Álvaro De La Puente Gil – Nos próximos dias é pouco provável que se repita uma falha da mesma magnitude, tanto mais que o sistema estará agora em alerta máximo. A curto prazo, o operador adotará medidas de prevenção muito rigorosas. No entanto, a médio prazo, se as causas exatas não forem bem compreendidas e as eventuais falhas estruturais não forem corrigidas, o risco não desaparece completamente. É essencial investigar exaustivamente o que causou uma perda de produção tão rápida, a fim de evitar que se repita”.
-O que é que precisa de mudar para que não volte a acontecer?
Marcial González de Armas – Sem dúvida que a análise das causas deste acontecimento ajudar-nos-á a evitar que se repita no futuro. Para isso, temos de aguardar o relatório oficial do operador do sistema (Red Eléctrica de España). Pelo que estamos a ver hoje no reabastecimento do sistema, apostar mais nas energias renováveis e estabelecer novos protocolos e procedimentos de operação da rede que incluam mais as energias renováveis na participação ativa da gestão da rede é crucial para continuar a construir uma das redes mais fiáveis e robustas do mundo, como já estamos a fazer”.
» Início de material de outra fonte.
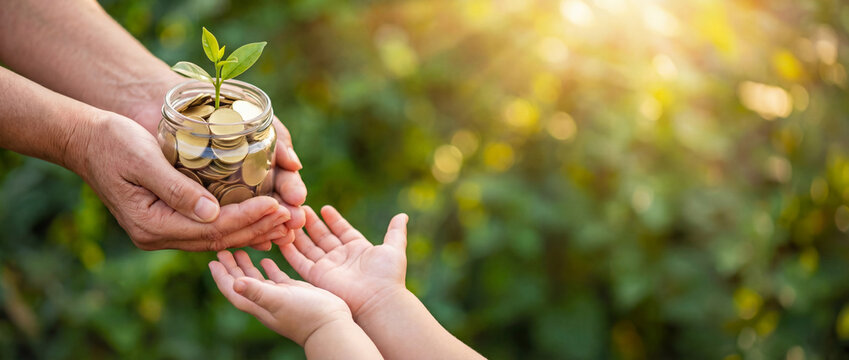 Child&rsquo;s hands receive money jar with coins savings and tiny plant from adult, sunny greenery background with copy space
Álvaro De La Puente Gil – O mais importante é aumentar as interconexões elétricas com a França e outros países europeus, para que a península deixe de estar tão isolada”. É também necessário melhorar a flexibilidade do sistema elétrico, incorporando mais armazenamento (como baterias ou sistemas de bombagem hidráulica) que possam compensar a variabilidade das energias renováveis. Além disso, os sistemas de controlo e previsão devem ser reforçados e devem ser realizadas simulações mais exigentes para contemplar cenários extremos como o que vivemos hoje. Tudo isto exige investimento, planeamento e uma estratégia clara para uma transição energética segura”.